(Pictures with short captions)
===============

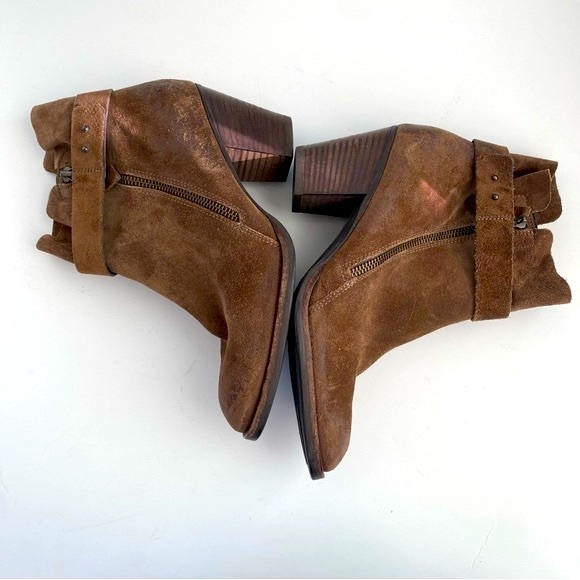 Paul Green Dallas Ankle Bootie In Earth Brown Suede - Size 8 - Picture 11 of 13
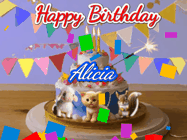 Happy Birthday Alicia GIF: Happy Birthday Cake GIF with a cat, lamb, and squirrel on the cake with flickering candles, a sparkler, and falling confetti. Reads Happy Birthday Name and you can customize the name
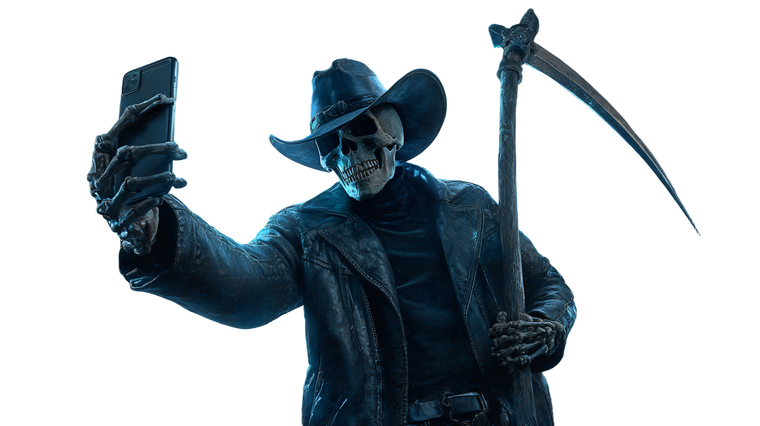 Grim Reaper Selfie Vinyl Car Decal Sticker – Waterproof & UV-Resistant 2.72"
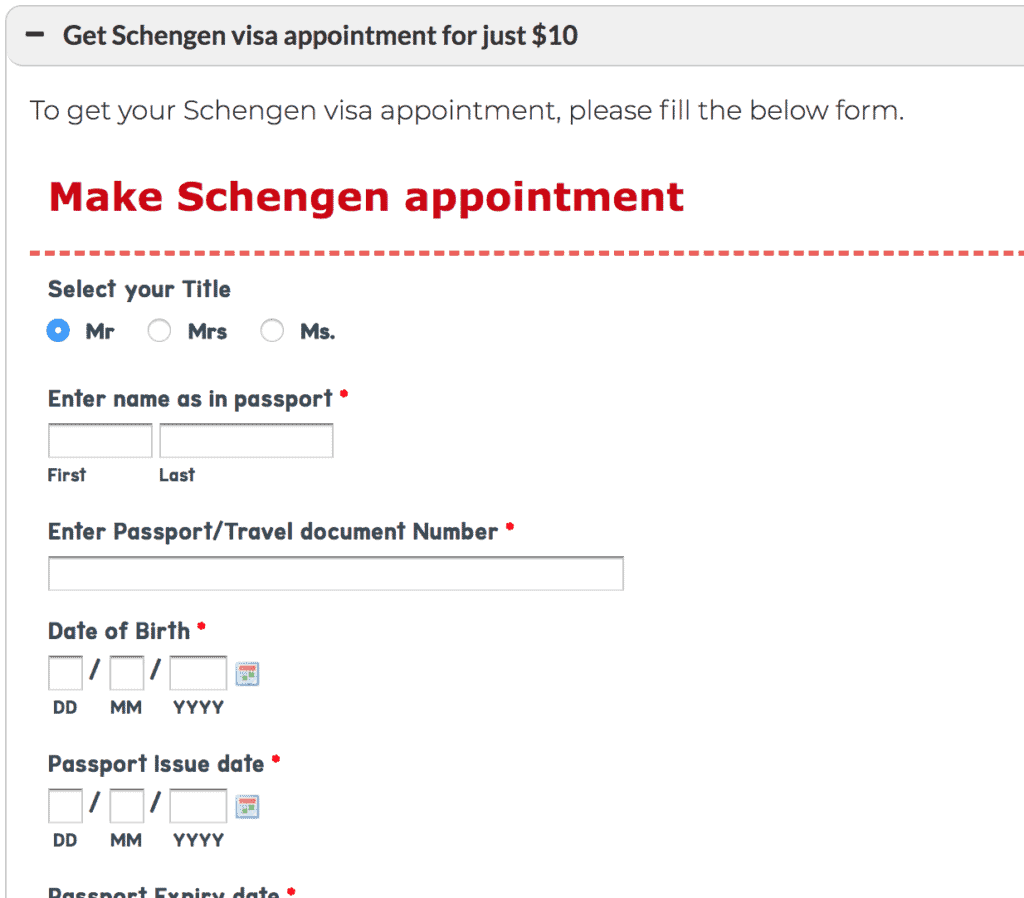 Schengen Visa Appointment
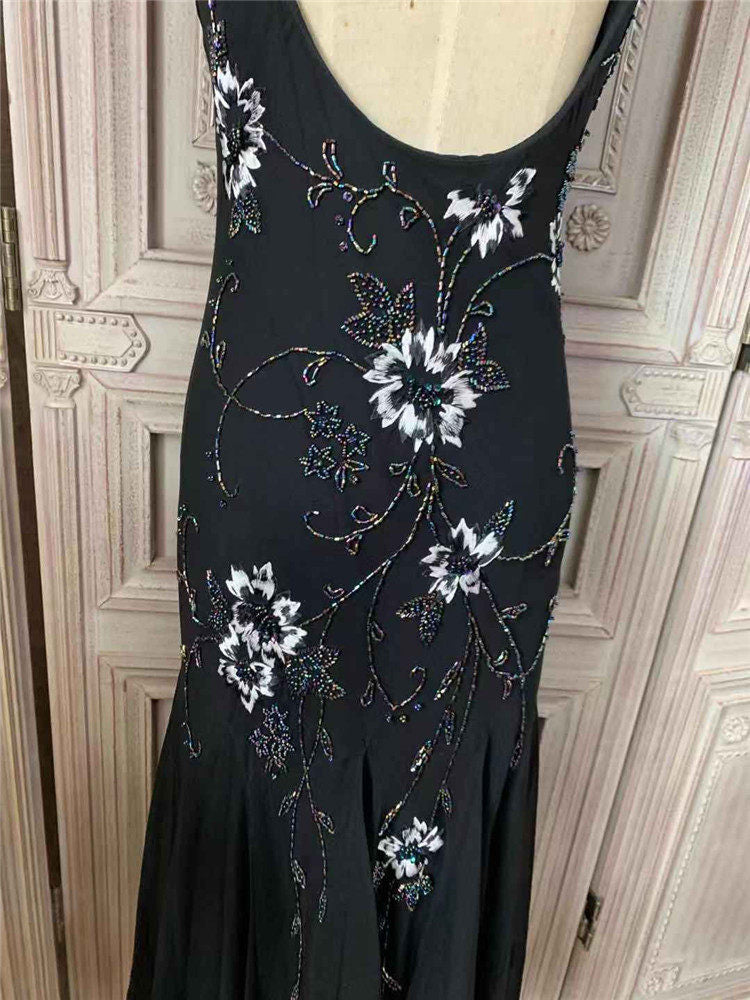 Glam Beads Appliques Mermaid Prom Dress Spaghetti Strap Black Formal Dress AP7177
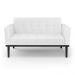 Poltrona Namoradeira Decorativa Karen Pés Fixo em Madeira Preto PU Branco G19 - Gran Belo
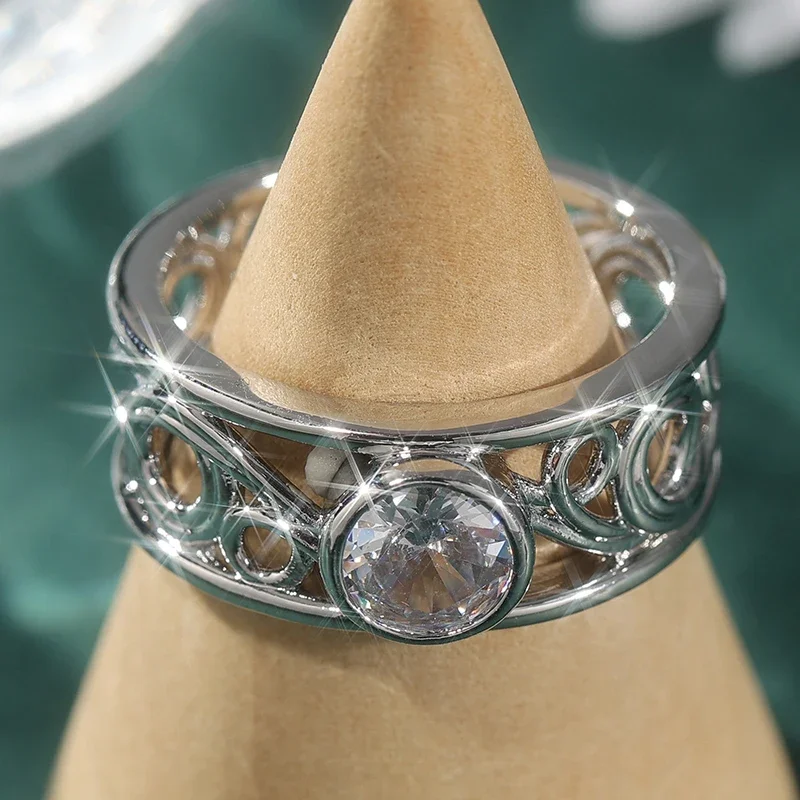 Women's Fashion Personality Hollow Out Silvery Charm Ring Vintage Luxury Synthetic Zirconia Banquet Festival Jewelry Accessories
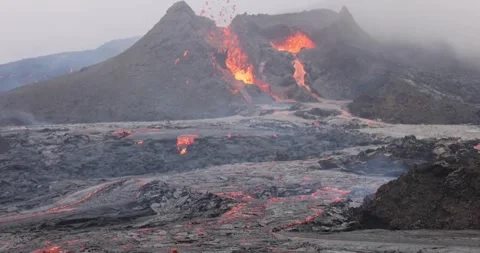 Eruption volcanic lava landscape volcano mountain nature magma closeup Stock Footage 336580031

===============

Reproduce exactly and only the lines from the line that contains "Schengen Visa Appointment" to the end of the data above, both ends included. No pictures go in the copy.

 Schengen Visa Appointment
 Glam Beads Appliques Mermaid Prom Dress Spaghetti Strap Black Formal Dress AP7177
 Poltrona Namoradeira Decorativa Karen Pés Fixo em Madeira Preto PU Branco G19 - Gran Belo
 Women's Fashion Personality Hollow Out Silvery Charm Ring Vintage Luxury Synthetic Zirconia Banquet Festival Jewelry Accessories
 Eruption volcanic lava landscape volcano mountain nature magma closeup Stock Footage 336580031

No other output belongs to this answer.